Wallit’s goals system can help you teach your children about saving by setting their money aside for a future purchase, rather than spending any extra cash right away. The goals interface illustrates the final goal amount and how far you’ve come to reaching that goal, making it easier for your kids to understand.

Downsides of the Wallit app

  • Doesn’t connect with all U.S. banks and credit unions
  • Doesn’t earn any interest
  • Drawn out transfers take three to five business days

Wallit works with 90% of banks and credit unions in the U.S. That’s an expansive network, but if you’re a customer of that other 10%, you cannot benefit from the Wallit app at this time.

While Wallit can help teach your children about saving, it can’t build your savings for you. The Wallit account doesn’t earn interest, making it an impractical place to actually stash your savings. That job is much more suited for a high-yield savings account, which will keep your money safe and typically growing at a competitive rate at the same time.

Wallit is also not the most dynamic money management app out there. It doesn’t have the capability to split your spending into categories as many budgeting apps do, or alert you of potential overspending. It also doesn’t help you track other finances, like loans or credit cards.

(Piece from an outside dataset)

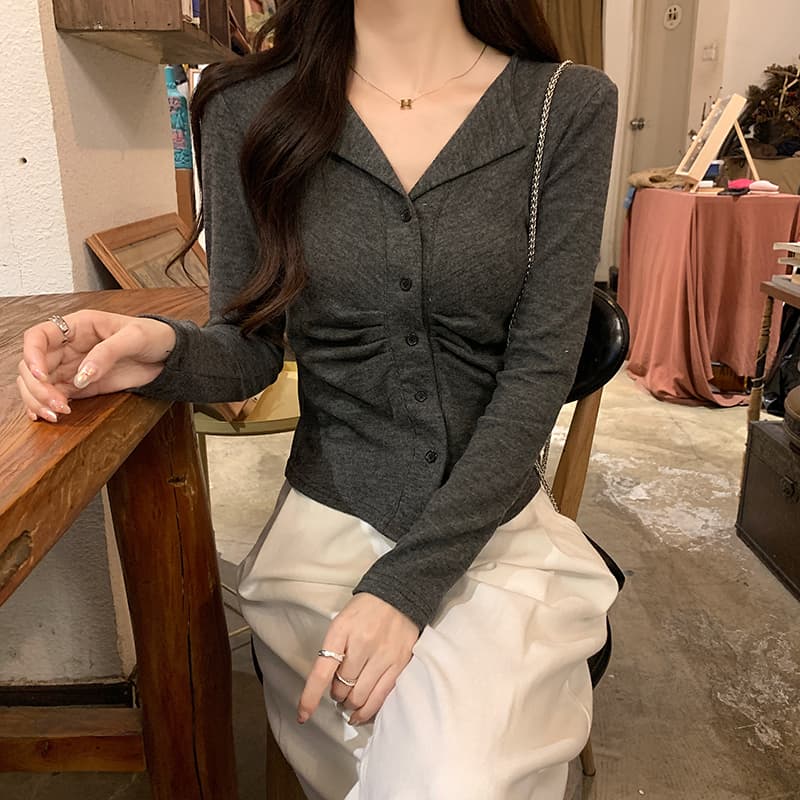 폴드 칼라 단추 장식 크롭 긴소매 티셔츠 상세 이미지 28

Transfers from your bank account to your Wallit balance take about three to five business days. While this is relatively standard, this means you have to wait three to five days to pay your child’s allowances or pay them for completing tasks. This certainly stretches out the process more than just paying your child in cash, for example. Constantly keeping enough money in your Wallit balance would be a solution, but that detracts from the savings that money could be earning you in a different account.

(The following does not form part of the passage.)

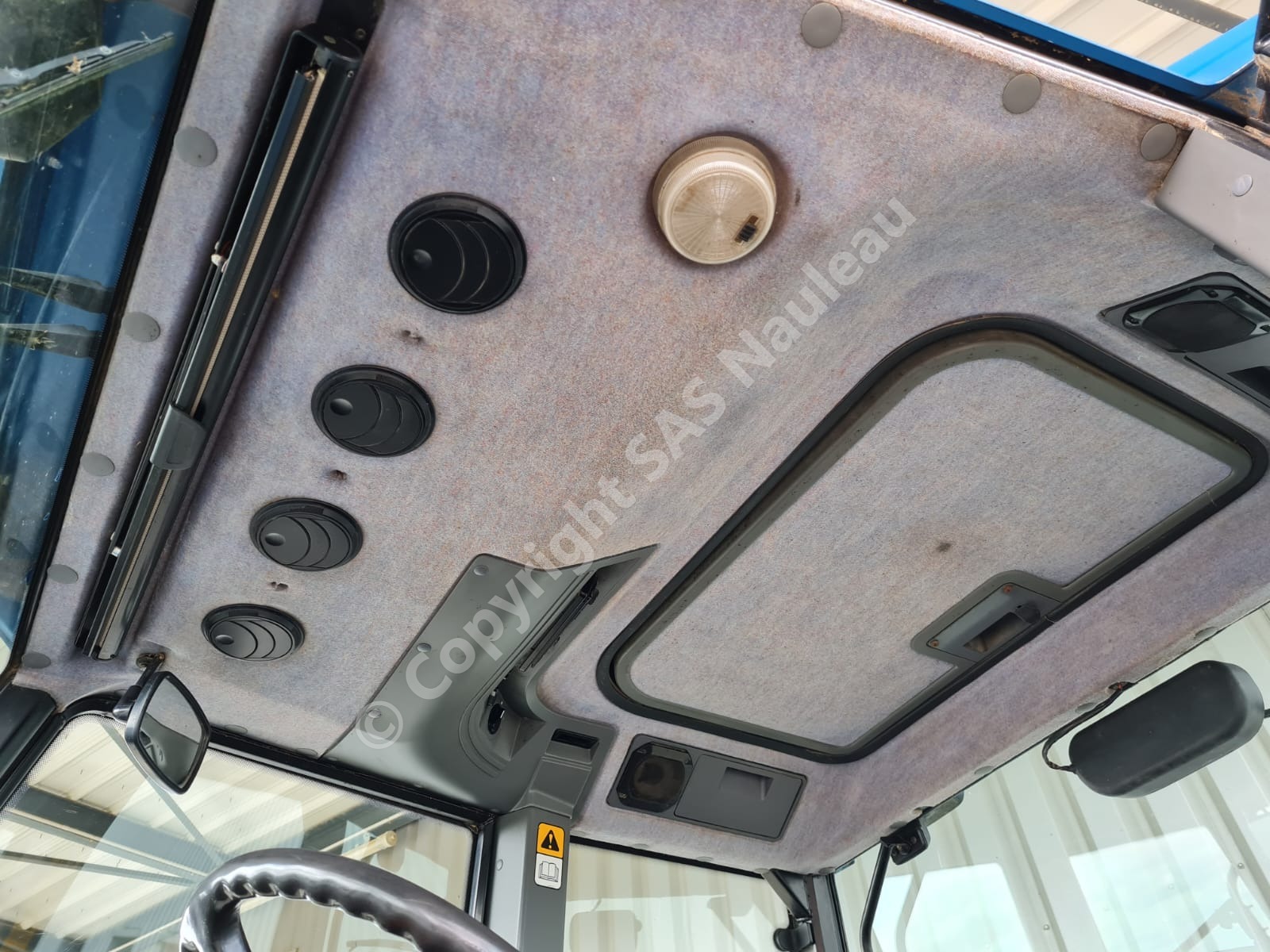 NEW HOLLAND 8360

Wallit vs. other money management apps


Best for



Families with kids




$59.99 annually OR $9.99 monthly


Manually budget and track expenses



Comprehensive financial management package


Wallit vs. Honeyfi

If it’s family budgeting you’re after, consider Honeyfi, a budgeting app for couples. Like Wallit, you and your partner will need to link your personal bank accounts to the app to use its features properly. However, Honeyfi also allows you to sync your credit cards, loans and investments as well, offering a more holistic financial picture than Wallit.

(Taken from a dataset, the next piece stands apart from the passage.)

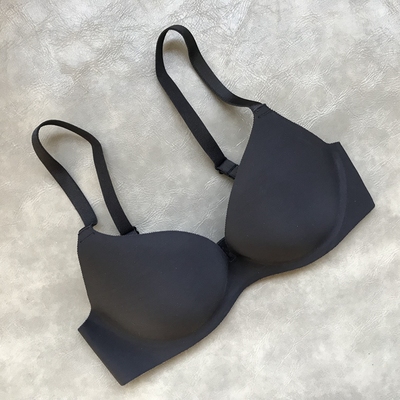 女聚拢无钢圈内衣文胸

Honeyfi allows you to create custom budget categories, split transactions and connect to Venmo and save towards specific goals together. Honeyfi isn’t free, however, charging a $59.99 annual fee or a $9.99 monthly fee (the subscription covers one couple).

Wallit vs. Wally

Wally is an option for those who want to budget and track their expenses without linking their bank account. Understandably, there are folks who are uncomfortable with connecting a third-party budgeting app to their bank accounts. As an alternative, Wally has you manually enter your income and expenses, which are organized under various categories. Wally also enables receipt scanning. With the information you enter, Wally provides a basic analysis — via pie charts — of your spending by category for each week, month and year.

Wallit vs. Simple

Finally, for a more comprehensive savings and budgeting package, consider Simple, a neobank dedicated to making banking easier and more accessible for consumers. Simple offers a cash management account, involving both a checking and savings component to its experience.

Simple’s checking account features includes a “Safe-to-Spend” balance, which is what Simple flags as spendable after accounting for bills. The savings feature, known as your Protected Goals account, earns 0.50% APY, while the checking side earns 0.00% APY. You can also divvy up your Protected Goals into separate savings goals with personalized labels. Simple is free of charge.

Is Wallit right for you?

Wallit is the best family budgeting app for you if you constantly find yourself overwhelmed by managing your family’s internal finances. It helps you organize yourself when it comes to paying the kids’ allowances, saving towards various goals and even assigning chores to your kids. It’s not the most intensively analytical app, but it can be just the tool to organize your family’s money and teach your kids about saving in one simple app.

Fees mentioned in this article are accurate as of the date of publishing.